Acto seguido, Marion se pregunta sobre el acontecimiento de amar el conocimiento, amar conocer y amar lo aprehendido. Todo lo material e inmaterial se hace asible al hombre. Sin embargo, algunos aspectos del ser se dejan a la suerte para ser comprendidos, desvirtuados o malinterpretados, por su complejidad, por indiferencia o, como en el caso del amor, por limitarlo a la mera sensualidad.

¿Pensar algo que siempre da cuenta de ser sentido? Se siente el amor cuando llega en forma de espasmo en la panza, el beso, la caricia que emociona, el compromiso que atrae y asusta, cuando la ausencia se siente, el adiós de lo amado aniquila. Entonces, si el amor es acontecimiento, si es fundamento de todo quehacer humano, si es una dimensión primordial de la persona, ¿por qué se hace tan tedioso o incomprensible hacer de él una asignatura aprendida desde la niñez y que se testimonie en la juventud?

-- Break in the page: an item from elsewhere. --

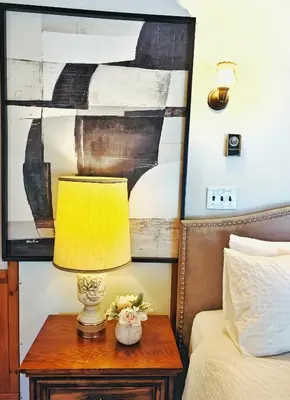 a lamp on a table next to a bed at Walk to Lake - Old Town Retreat in Niagara on the Lake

El amor se practica a partir de la versión repetida de lo que sucede afuera, de lo que hemos visto como espectadores o lectores, de las novelas que nos recrearon en la recurrente sentencia de «y fueron felices para siempre». Se practica con supuestos como la eternidad, la felicidad y la evidencia permanente. La psicología ya nos ha advertido sobre el estado peligroso al que conlleva idealizar al amor y al amante, la ciencia repara en el estado hormonado y enfermizo de los deslumbrados amantes que además se hace temporal, y la realidad nos habla de la inminente rutina. ¿Por qué entonces la filosofía no da cuenta de los recovecos del amor?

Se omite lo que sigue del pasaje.